Концерт в Либерти прошел хорошо, зрители были довольны, я тоже. Чуть позже, в том же 1973 году, я дал концерт уже в Карнеги-Холл. И тоже успешно. С тех пор я часто выступаю в сольных концертах, но не забываю, что инициатива первого такого концерта принадлежала Герберту. Думаю, что в этом одна из причин нашего успешного сотрудничества: ведь мы оба всегда готовы к новым впечатлениям, всегда готовы принять новые предложения. Вот уже двадцать семь лет мы проводим в жизнь новые идеи.

Вскоре после успешных концертов в Нью-Йорке состоялся и мой первый телевизионный концерт: мы выступали в «Метрополитэн-Опера» вместе с Джоан Сазерленд. С волнением представлял я себе, что мое пение слушают столько людей — не три-четыре тысячи, а миллионы! Но в то же время понимал, что если не спою хорошо или возьму фальшивую ноту, то об этом узнают миллионы слушателей. Но все прошло гладко. Так я утвердился в новом для себя виде выступлений.

Оперный спектакль — плод усилий многих людей, и мне это нравится. Конечно, приятно, когда тебе аплодируют за спетую арию или приходится выходить на поклон тебе одному. Но в основном художественное впечатление от оперы зависит от многих людей, особенно если они прекрасно выступают и слаженно работают все вместе.

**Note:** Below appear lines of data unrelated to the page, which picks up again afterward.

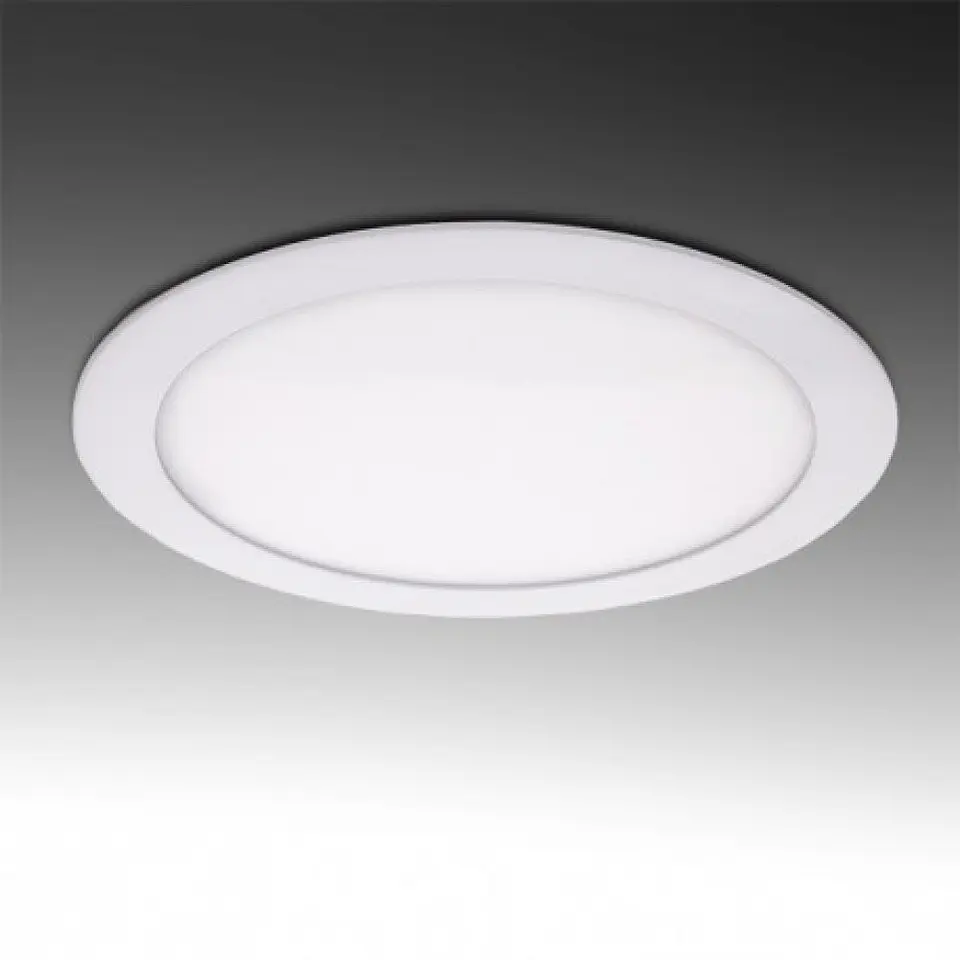 Placa LED 12W 860Lm 4200ÂºK Caixa Personalizada Circular 40.000H [GR-RDP09-12W-W-EP02] 2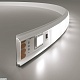 профиль гибкий алюминиевый с рассеивателем elektrostandard ll-2-alp012 a053631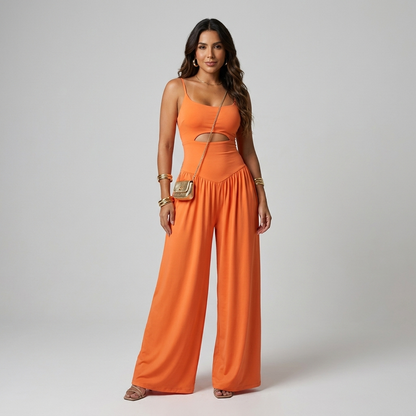 Verello™ Essential Cut-Out Jumpsuit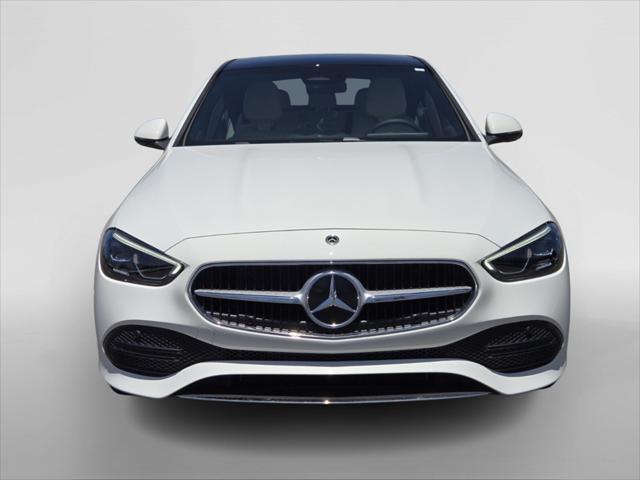 new 2025 Mercedes-Benz C-Class car, priced at $51,555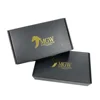 Custom luxury ring paper gift packaging jewellery box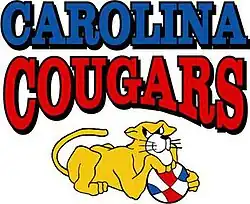 Carolina Cougars logo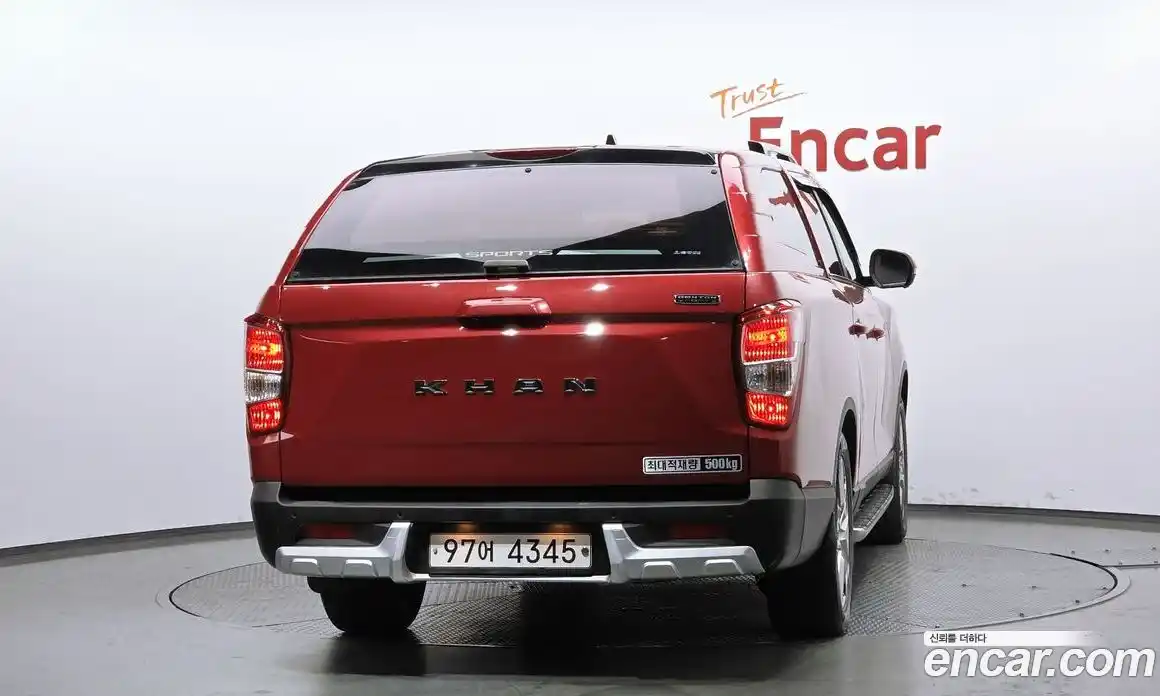 SsangYong Rexton 2019 2.2 автомат (гидро), фото 4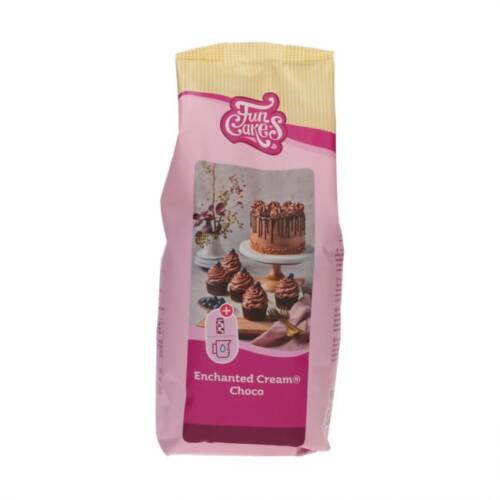 FunCakes смес за Пухкав шоколадов "ENCHANTED CREAM CHOCO®" 900гр
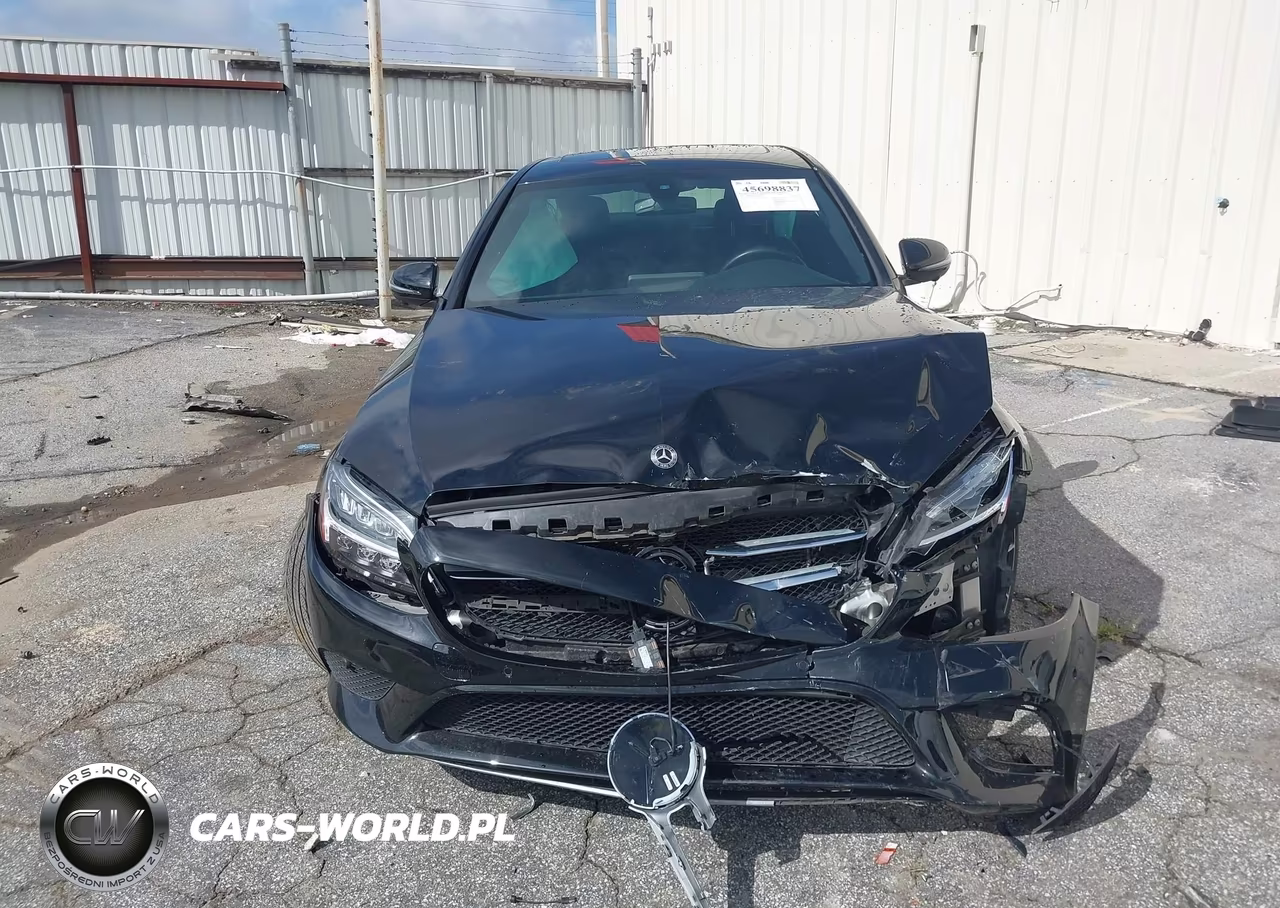 2021 Mercedes-Benz C 300 Sedan VIN:W1KWF8DB6MR615663 - 11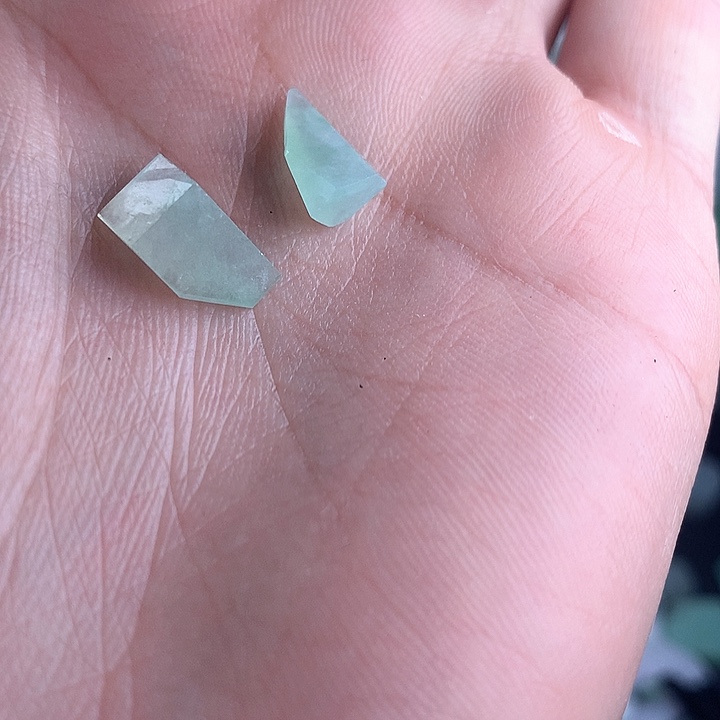 定制翡翠未镶嵌缅甸翡翠A货边角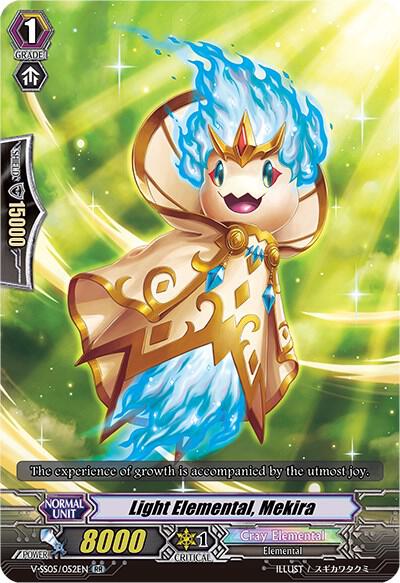 Light Elemental, Mekira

Когда те, с кем я выступаю в спектакле, поют хорошо, я испытываю радость, как от собственного успеха. Это как в спортивной команде — гол забивают отдельные игроки, но игра всех остальных также важна для окончательного счета в матче. Именно так я и чувствую себя в опере, начиная с первого своего выступления в 1961 году.